How to complete this task: Reproduce exactly, leaving out pictures, each line from the one holding "Рюкзак Wenger SwissGear 8810 Чёрный" through the final line of the listing, and add nothing.
▼▼▼
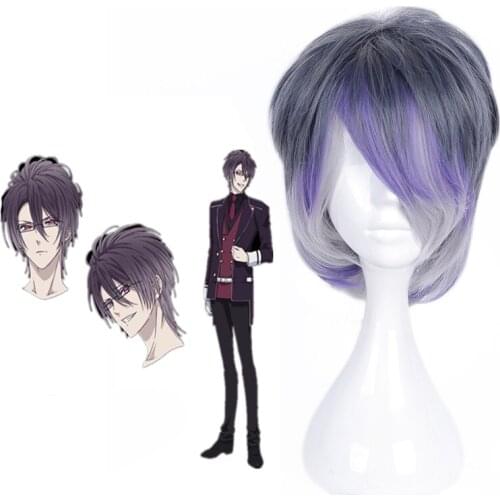 DIABOLIK LOVERS Cosplay Wigs Sakamaki Reiji Cosplay Wigs Heat Resistant Synthetic Anime Cosplay Wig Halloween Carnival Party Wig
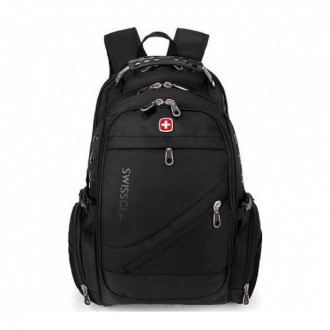 Рюкзак Wenger SwissGear 8810 Чёрный
 Рюкзак Swiss Bag отвечает всем требованиям . . фото 4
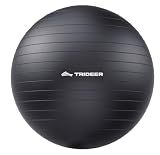 Trideer Yoga Ball for Exercise, Pregnancy, Exercise Ball, Pump Included | Wide Range of Sizes & Colors,Versatile for Multiple Activities,Non-Slip Frosted Surface,Quick Inflation with Pump Included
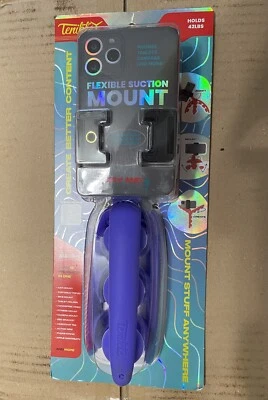 Tenikle Pro Flexible Tripod Bendable Suction Cup Camera & Phone Mount PURPLE - Image 1 of 2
▲▲▲
Answer for this exercise:
 Рюкзак Wenger SwissGear 8810 Чёрный
 Рюкзак Swiss Bag отвечает всем требованиям . . фото 4
 Trideer Yoga Ball for Exercise, Pregnancy, Exercise Ball, Pump Included | Wide Range of Sizes & Colors,Versatile for Multiple Activities,Non-Slip Frosted Surface,Quick Inflation with Pump Included
 Tenikle Pro Flexible Tripod Bendable Suction Cup Camera & Phone Mount PURPLE - Image 1 of 2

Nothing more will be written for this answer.